The CEO of DBS Bank India, Surojit Shome, said, “We have focused our efforts towards growing our franchise in India through the establishment of the wholly owned subsidiary with the aim to build on the momentum to achieve greater scale in India.”

DBS Bank India intends to establish over 100 customer touchpoints – a combination of branches and e-kiosks – across 25 Indian cities in the next 12-18 months, the report said. In March this year, it opened nine new branches and extended its reach to Hyderabad, Ahmedabad, Coimbatore, Vadodara, Indore and Ludhiana.
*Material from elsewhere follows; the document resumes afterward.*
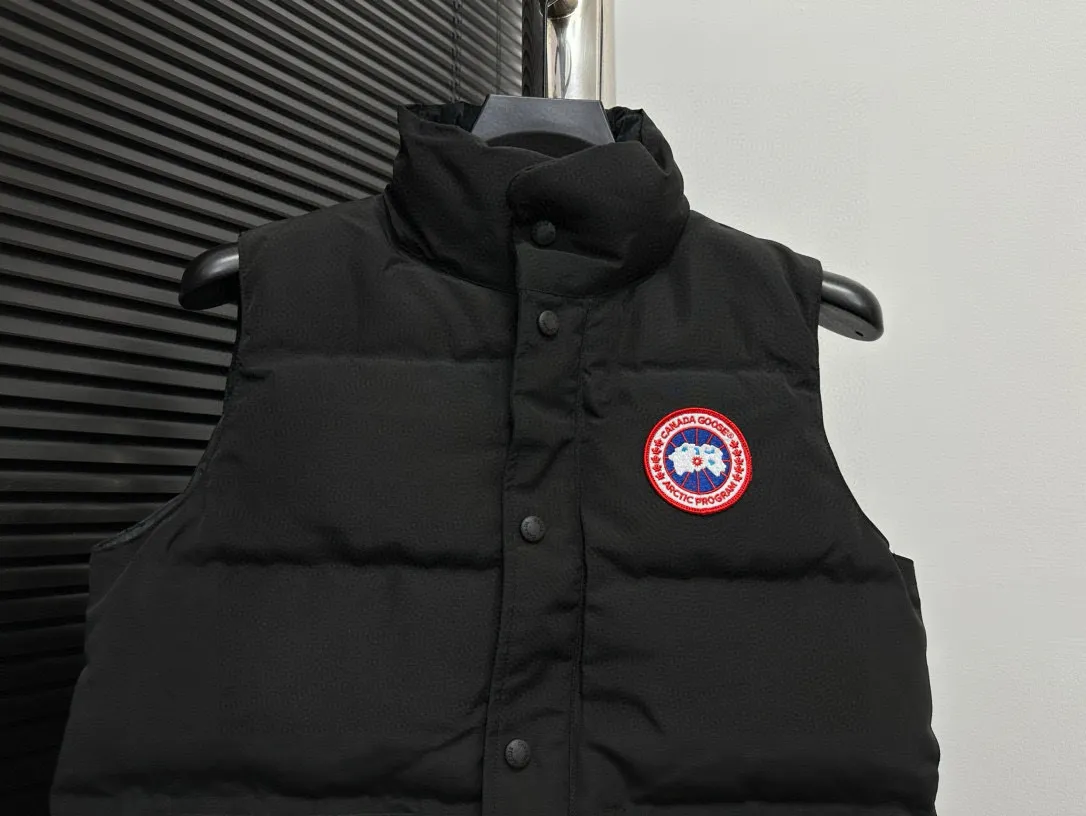 P360 [Canada Goose] Canada Goose #Freestyle Crew 4154M Men’s and Women’s Vest Down# ➖ Imported Behringer embroidery machine with customized 10,000-needle embroidery logo! ➖ Imported 21-count polyester-cotton blended original fabric, using Feather-Light 10D waterproof coating fabric, made of 84.5% polyester fiber and 15.5% cotton, 100% the best feel in the entire network! ➖ The genuine official website uses the national standard 80 white duck down, and will never be misled by false claims such as 90 down or goose down! ➖ 100% nylon nylon lining with double double-layer sealing design to prevent velvet from running away. Top-grade polar fleece is used in the collar and pockets to keep warm and comfortable! ➖ Yoshida YKK provides original custom-made electroplated sliders. YKK two-way lockable zippers are tight and smooth and will not peel off paint! ➖ 3M composite original Velcro is durable, and all accessories and hardware are disassembled and customized! ⛔No slander, no exaggeration, no need for too much copywriting, because it is focused, it is professional!  SIZE: XS S M L XL XXL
DBS expands into India thanks to CECA

Under the Comprehensive Economic Cooperation Agreement (CECA) signed between India and Singapore in 2005, India allows Singapore owned or controlled financial institutions to have greater privileges to access the Indian market.

In particular, DBS was named in the agreement as one of the Singapore banks permitted to set up a wholly owned subsidiary (WOS) in India to “enjoy treatment on par with Indian banks” in branching, places of operations and prudential requirements. It is also permitted to set up branches over and above the quota for all foreign banks.
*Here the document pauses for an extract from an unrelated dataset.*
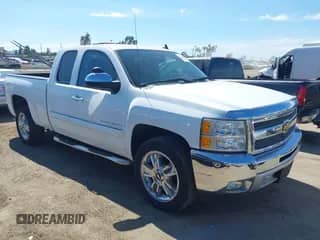 2013 Chevrolet Silverado 1500 LT with VIN 1GCRCSE03DZ407749, listed as a IAAI auction lot 43302929 with 96,955 mi miles and . Bid and sale history available at DreamBid. Image 1.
However, CECA also permits movement of professionals between India and Singapore. For example, professionals from 1 country employed in 127 specific occupations will be allowed entry and stay for up to 1 year or the duration of contract, whichever is less, in the other country.

Intra-corporate transferees (i.e. managers, executives and specialists within organisations) will also be permitted to stay and work in India and Singapore for an initial period of up to 2 years or the period of the contract, whichever is less. The period of stay may be extended for period of up to 3 years at a time for a total term not exceeding 8 years.

Indeed, many Indian software houses do transfer their staff from India to work in their subsidiaries here in Singapore, with many operating out from Changi Business Park.

Under CECA, the movement of people between the 2 countries does not apply to immigration measures as long as these immigration measures do not nullify or impair the commitments made by either country.

“With freer movement of business persons between countries, bilateral trade and investment flows should be significantly enhanced. Hence, companies from both countries can leverage on the chapter to drive greater economic integration between India and Singapore,” CECA stated.

In any case, DBS Group CEO Piyush Gupta should be glad that CECA was signed between India and Singapore, allowing the bank to open more branches and expand into India.